There was no escaping it, no getting back to life — we were in j-school, where current events are life. We saw the world, and the field we had yet to break into, change before our eyes. The future was tumultuous and uncertain, but we were there, learning to be a part of it.
With this as our educational backdrop, we sat in mid-2002 in the Carrier Dome clad in those ridiculous square hats, ready to take on the world.
So what words of infinite wisdom did Rubin choose to impart to us on that beautiful spring day?
None. His words were not for us but our parents, asking them not to be too upset about the thousands of dollars they'd shelled out for their progeny's education, because it's a good school with a good name and it will all work out in the end.
Really. No seriously. I'm not kidding…
Thousands of dollars, countless hours of lost sleep, two bouts of bronchitis, weeks of lectures, Kaplan's sadistic law class and Ward's meandering ethics class, several thousand cups of coffee and just as many AP Style Book quizzes later I found myself sitting, dumbstruck, wondering what fucking relevance this had to me. And then I realized: none.
With his eye on the checkbook and completely out of touch with the lives lived just under his carpeted office day in and day out, he — like media companies of today — pandered to the bottom line.
And Rube's at it again, proving just how outrageously out of touch he is with the very industry he gets paid to, purportedly, understand:
mediabistro.com : What types of media do you consume daily?
Rubin : The New York Times, in print, The Wall Street Journal, in print and online, Syracuse Post Standard, NPR's Morning Edition and All Things Considered. If I get home in time I'll watch the CBS evening news — I'm warming up for Katie. Then later I watch MSNBC's Keith Olbermann — he's the best writer in broadcasting, very, very entertaining.
mediabistro.com : What about blogs?
Rubin : No. People will send me things and point me to them, but I just don't have enough time.
mediabistro.com : So no RSS feeds for you?
Rubin : No.
Well goody then. At least I don't have to worry about sending the dean's office into a tizzy. And, uh, Katie fucking Couric?

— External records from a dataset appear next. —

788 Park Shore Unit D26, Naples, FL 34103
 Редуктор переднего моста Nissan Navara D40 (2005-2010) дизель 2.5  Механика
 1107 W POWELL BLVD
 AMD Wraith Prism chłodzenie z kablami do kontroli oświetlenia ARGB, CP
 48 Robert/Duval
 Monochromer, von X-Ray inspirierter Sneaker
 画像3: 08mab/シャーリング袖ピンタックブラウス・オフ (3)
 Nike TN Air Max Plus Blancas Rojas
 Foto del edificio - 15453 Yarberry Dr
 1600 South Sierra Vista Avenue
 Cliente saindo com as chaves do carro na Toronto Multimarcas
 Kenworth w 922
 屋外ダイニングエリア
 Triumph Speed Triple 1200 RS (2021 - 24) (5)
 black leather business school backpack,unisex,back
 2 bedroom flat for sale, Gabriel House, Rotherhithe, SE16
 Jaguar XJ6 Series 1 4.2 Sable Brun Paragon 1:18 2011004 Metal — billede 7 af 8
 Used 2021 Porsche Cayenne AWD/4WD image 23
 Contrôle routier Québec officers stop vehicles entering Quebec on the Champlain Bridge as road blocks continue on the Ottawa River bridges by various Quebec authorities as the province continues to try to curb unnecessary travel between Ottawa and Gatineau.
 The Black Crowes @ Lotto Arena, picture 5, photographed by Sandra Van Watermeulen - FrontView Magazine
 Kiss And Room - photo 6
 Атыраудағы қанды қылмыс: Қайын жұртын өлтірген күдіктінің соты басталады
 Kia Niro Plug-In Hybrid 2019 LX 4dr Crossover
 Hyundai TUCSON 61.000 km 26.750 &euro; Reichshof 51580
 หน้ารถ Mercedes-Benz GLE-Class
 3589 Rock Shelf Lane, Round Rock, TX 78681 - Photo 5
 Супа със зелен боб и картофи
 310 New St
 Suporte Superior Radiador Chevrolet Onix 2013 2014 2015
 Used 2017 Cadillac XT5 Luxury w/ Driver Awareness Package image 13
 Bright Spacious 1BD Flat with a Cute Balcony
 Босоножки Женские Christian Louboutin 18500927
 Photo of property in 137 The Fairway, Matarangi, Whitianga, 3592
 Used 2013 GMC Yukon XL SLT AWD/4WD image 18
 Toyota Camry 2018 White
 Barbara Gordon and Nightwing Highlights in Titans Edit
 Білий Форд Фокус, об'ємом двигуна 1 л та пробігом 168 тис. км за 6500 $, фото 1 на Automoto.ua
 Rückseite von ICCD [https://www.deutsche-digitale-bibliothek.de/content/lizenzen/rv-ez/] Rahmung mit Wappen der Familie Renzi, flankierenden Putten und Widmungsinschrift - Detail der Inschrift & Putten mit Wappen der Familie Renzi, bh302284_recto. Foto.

I can't wait to see her take on the hard news of the day. "Massacre in Darfur, he he, Israel and Hezbollah still killling, tee he!"
Unfortunately, his reading list sums it up: old dinosaur media equivalent of a bran muffin and black coffee.
Yes, it's important to keep up on what these pubs are doing and saying, but if you're not looking beyond the Gray Lady and NPRs of the world at this point in the game, even just a little, you've already been left behind.
So, I'd nominate myself for a Mirror Award if it included criticism of the media peon making machine.
Alas, I can only look in from the outside as I slave on the dark side to make ends meet and pay the student loans Rubin was trying so hard to convince the parents were so important, and playing under the old guard's nose via RSS feed.